Thursday, March 14, 2013

A Map to Nowhere

Jenny Bolhofner's exhibition 'A Map to Nowhere' opens at Hand Held next week.

Jenny has sent this beautiful exhibition over from America for her first solo show outside of the US.

Jenn will be in Melbourne from Wed 10th to Saturday 13th and we'd love for you to meet her.

Well schedule a meet the artist afternoon on the 13th and hopefully lots of you will be able to drop in and say hi.


"A Map to Nowhere"

Maps are supposed to tell us where we are. They show us how to go from point A to point B. Maps reveal relationships. They represent space and orientation. But I always wondered what a map of isolation would look like. How do you show space without anything in that space? How do you depict something without having anything nearby to determine scale, location, or relation? How do you make a map to nowhere? A life changing move to Guam, a tiny island in the Pacific, left me examining this idea. Suspended there, insignificant in the vast sea, I experienced feelings foreign to me- feelings of isolation and detachment. In this body of work, I wanted to explore these feelings through research and attempt to translate my emotions into something more calculated and scientific. I turned to Charles Darwin's studies on nature, geographical isolation and evolution to help symbolize my own feelings of severance. His work provides relevant theories on the creation and extinction of plant and animal species in areas isolated by geographic barriers. Living on an island, I could relate to these ideas of natural selection and allopatry (the process by which a population of species becomes separated by a physical barrier and divides into two different species).

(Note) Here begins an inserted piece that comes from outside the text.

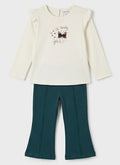 AM Kids - completo 2 pezzi caldo cotone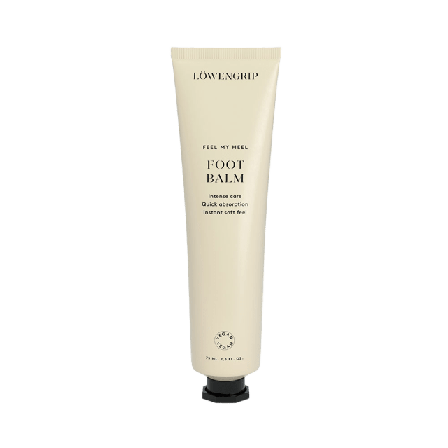 LÖWENGRIP Feel My Heel - Foot Balm Fot Dam ONESIZE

Collecting plant life around Guam, I incorporated them into my work to represent my own feelings of separation. Aesthetically, I used topographic imagery to attempt to connect personal feelings to something more tangible and universal. While emotions are ambiguous and hard to pinpoint, I feel that maps provide a platform in which the viewer can relate. Likewise, the use of repetition in imagery and process (i.e. layers of sewing) were integrated to connect the viewer to the concept of the mundane. Each stitch mimics the continuity and monotony of isolated living.